Socialism is worse than capitalism - you want a welfare state

The rise to prominence of Jeremy Corbyn and Bernie Sanders has seen a return of ‘socialism’ to the vernacular. The political movements behind these two men have frequently sought to associate popular welfare policies, notably universal health care, with socialism. Both of them seem to be suffering from a degree of conceptual confusion between socialism and the modern welfare state.
This is ironic because it is precisely the socialist as opposed to welfarist elements of their respective platforms, like rent control in Corbyn’s case and trade restrictions in Sander’s case, that are unpopular. A second irony, one that is not lost on left-leaning economists, is that free markets, the antithesis of socialism, are necessary for providing the funding for a modern welfare state.
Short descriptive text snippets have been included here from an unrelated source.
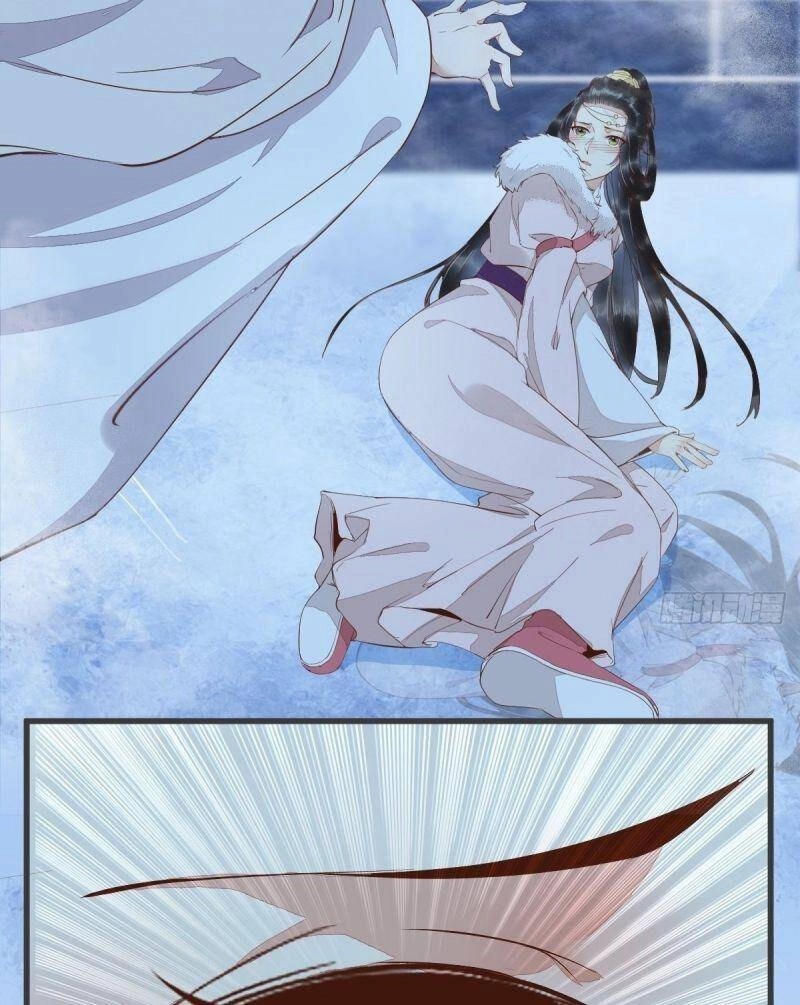 Sát Thủ Vương Phi Không Dễ Chọc Chapter 52 - 19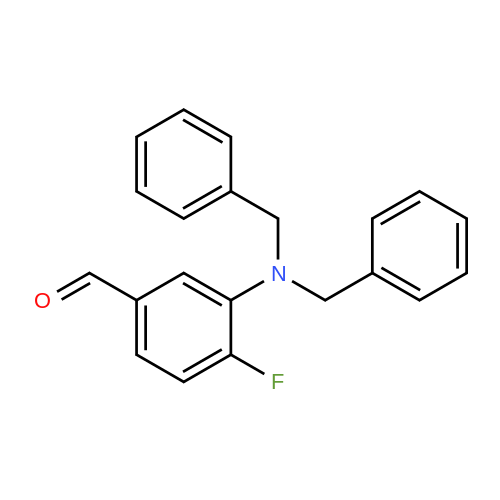 Chemical Structure| 918811-75-3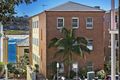 Property photo of 3/93 Ramsgate Avenue North Bondi NSW 2026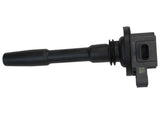 Ford Racing 5.0L/5.2L Hi-Energy Engine Ignition Coils - Set Of 8 M-12029-M52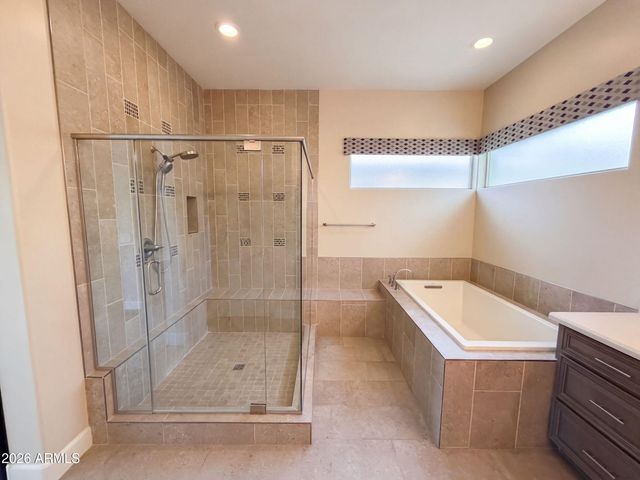 17892 E SILVER SAGE Lane, Rio Verde, AZ 85263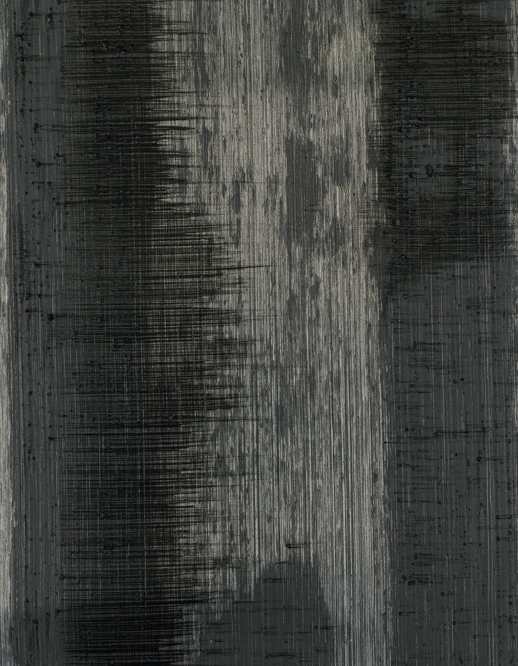  Handcrafted Soriano Trinidad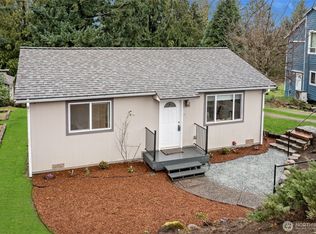 7028 S 127th Street, Seattle, WA 98178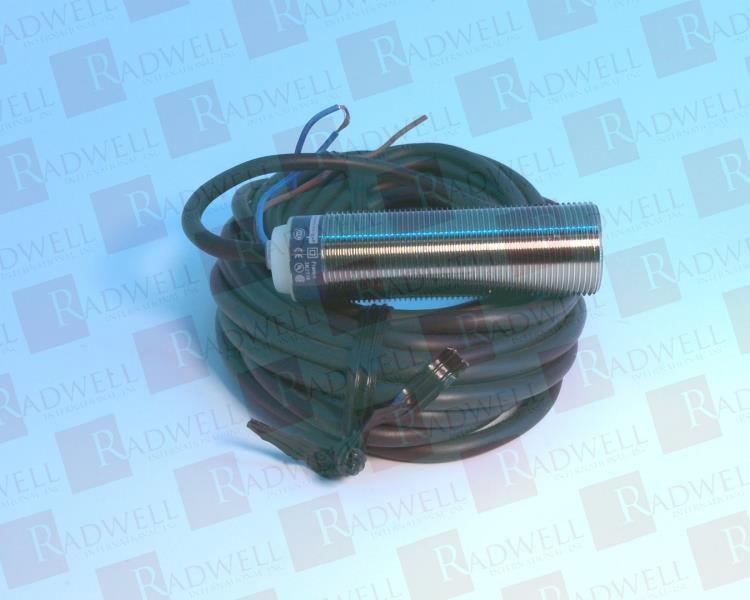 TELEMECANIQUE SENSORS XS618B1MBL5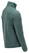 Mascot Customized Microfleece trui met korte rits 22703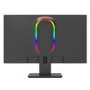 electriQ 28" 4K IPS UHD 144Hz Monitor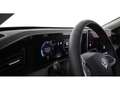 Volkswagen Passat Variant 2.0 TDI Business Aut LED 360-CAM Silber - thumbnail 15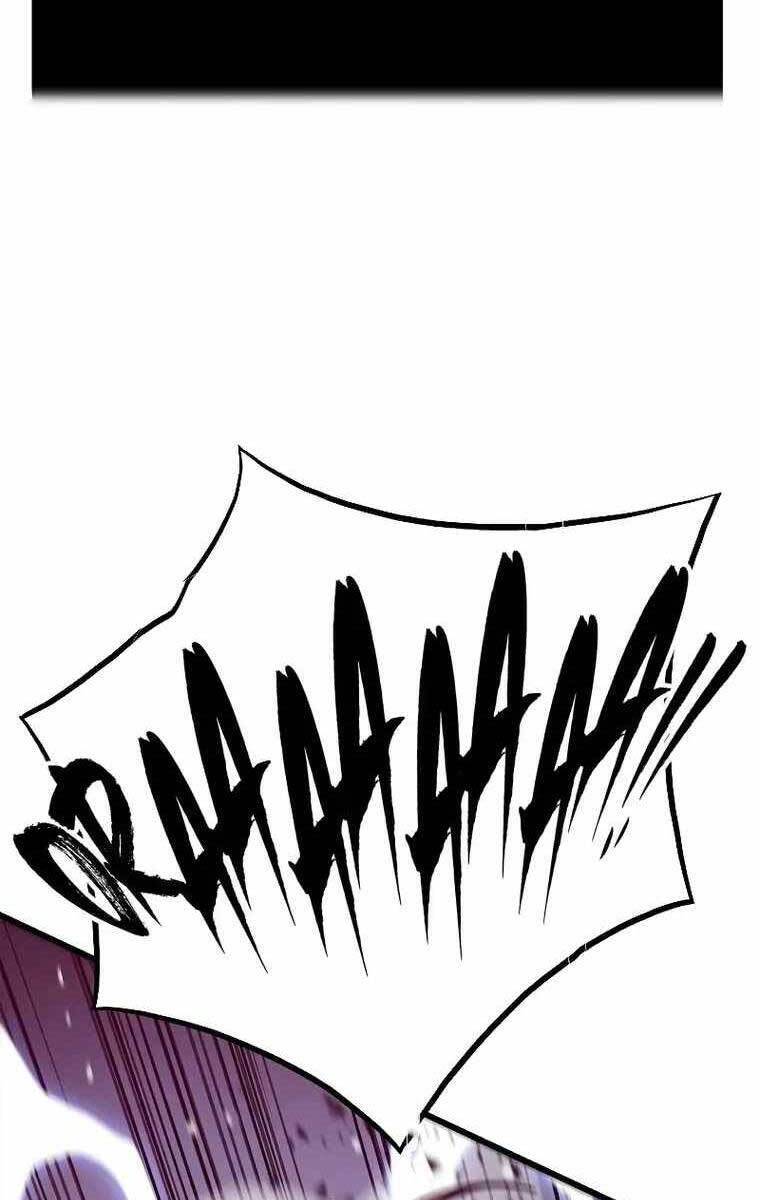 Hồi Quy Giả Chap 25 - Next Chap 26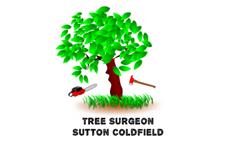 Tree Surgeon Sutton Coldfield image 1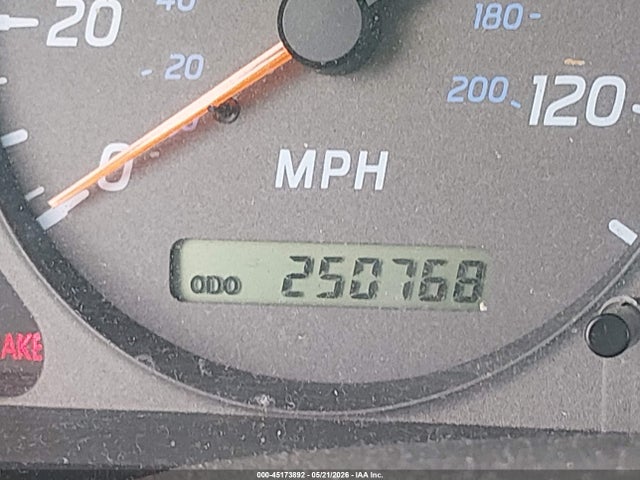 Nissan Sentra Gxe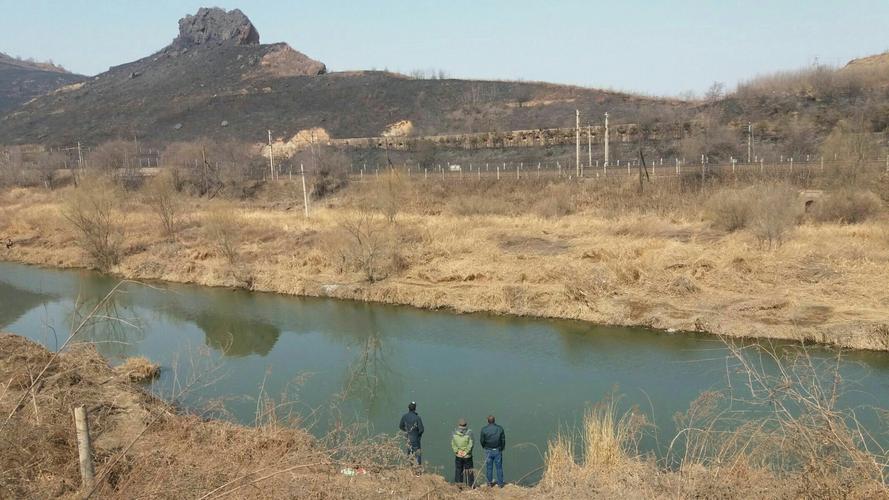 鞍山市家用水,电,煤气价格是多少钱?鞍山煤气公司收费时间-图3 鞍山市家用水,电,煤气价格是多少钱?鞍山煤气公司收费时间-图3
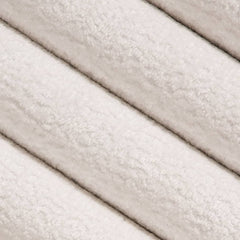 Marina Snow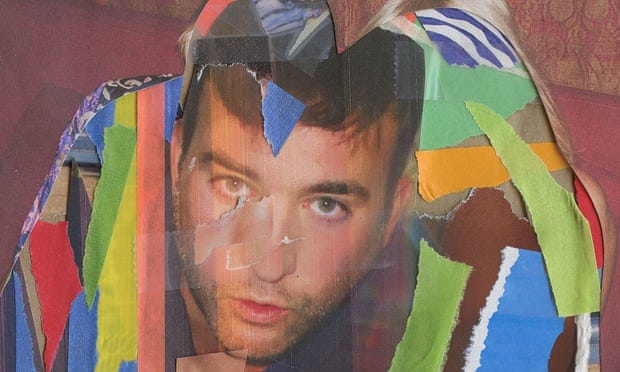 Sufjan Stevens: Javelin review – US indie folk hero hits every target | Sufjan  Stevens | The Guardian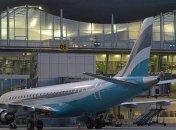 В "Борисполе" задержали иностранца, который пытался дать взятку пограничникам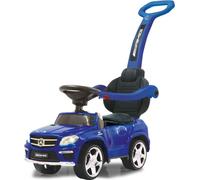 Glisseur Jamara Mercedes-Benz AMG G63 bleu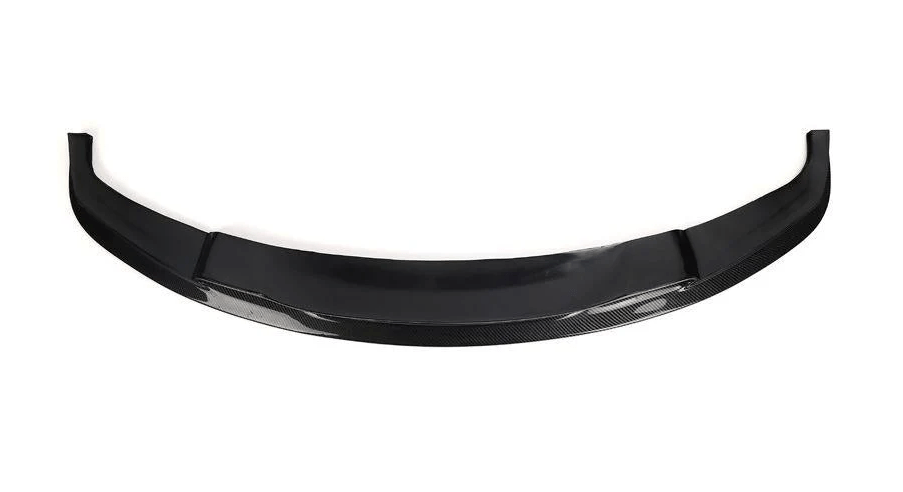 BMW F30/F31 VARIS KARBONFIBER FRONTLEPPE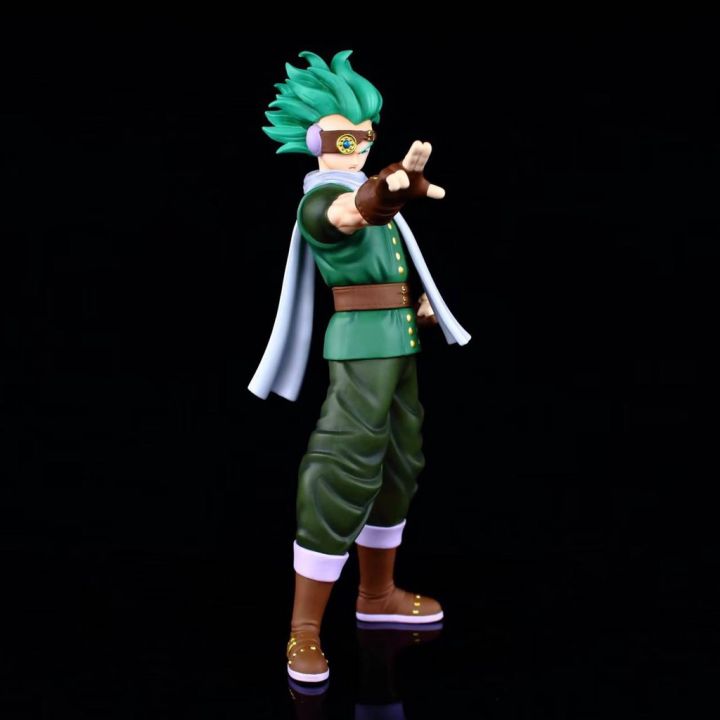 jason-dragon-ball-super-granola-action-figure-model-dolls-toys-for-kids-home-decor-gifts-collections-ornament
What is the distinction between socialism and the modern welfare state? One way to think about it is in terms of market intervention vs. post- and pre-market intervention. Market interventions are those that distort prices and inhibit their ability to communicate the opportunity cost of a good. A pertinent example is rent control.
The market clearing price ensures that homes are built until the amount renters are willing to pay equals the costs associated with building dwellings. If the market price is distorted so that it is cheaper than the market clearing rate, then there will be excess demand for housing but suppliers will be unwilling to meet it because they cannot cover their costs. The end result is
a huge short fall in housing—not exactly a socially desirable outcome.
Gunnar Myrdal, a Nobel laureate in economics and an influential architect of the Swedish Labour Party’s welfare state, once quipped that: ‘in many cases rent control appears to be the most efficient technique presently known to destroy a city—except for bombing’.
A post- or pre- market intervention lets the market run to ensure the efficient allocation of scarce resources, but takes action at either end of that process to protect people from the ravages of the market. An archetypal example is theDanish flexicurity system.
The Danish labour market is relatively unregulated. In particular, you can hire and fire workers easily. This reduces the risk employers face when taking on labour, which encourages them to make investments, notably in emerging products and business expansion, which creates jobs.
This encourages an environment of Schumpetarian dynamism or ‘creative destruction’. As obsolete industries become unprofitable they can easily lay off workers and downsized gradually until they close completely. Meanwhile, new firms in new sectors, which are almost invariably more productive than old sectors, can pick up the newly released labour.
Schumpetarian dynamism entrenches a fast and efficient allocation of resources to their most productive use. This is the ‘flexi’ part of the system. The ‘security’ is where the welfare state comes in. The Danes recognise that an unregulated labour market gives people very little job security. To correct this social harm, the state pays almost replacement wages to recently laid-off workers while they find new jobs, and also provides job search and education services.
The flexicurity system combines the efficiency of free markets to increase the size of the economic pie and the effectiveness of the state transfer apparatus to achieve the humanitarian goals of left-wing morality. This is typical of modern welfare states.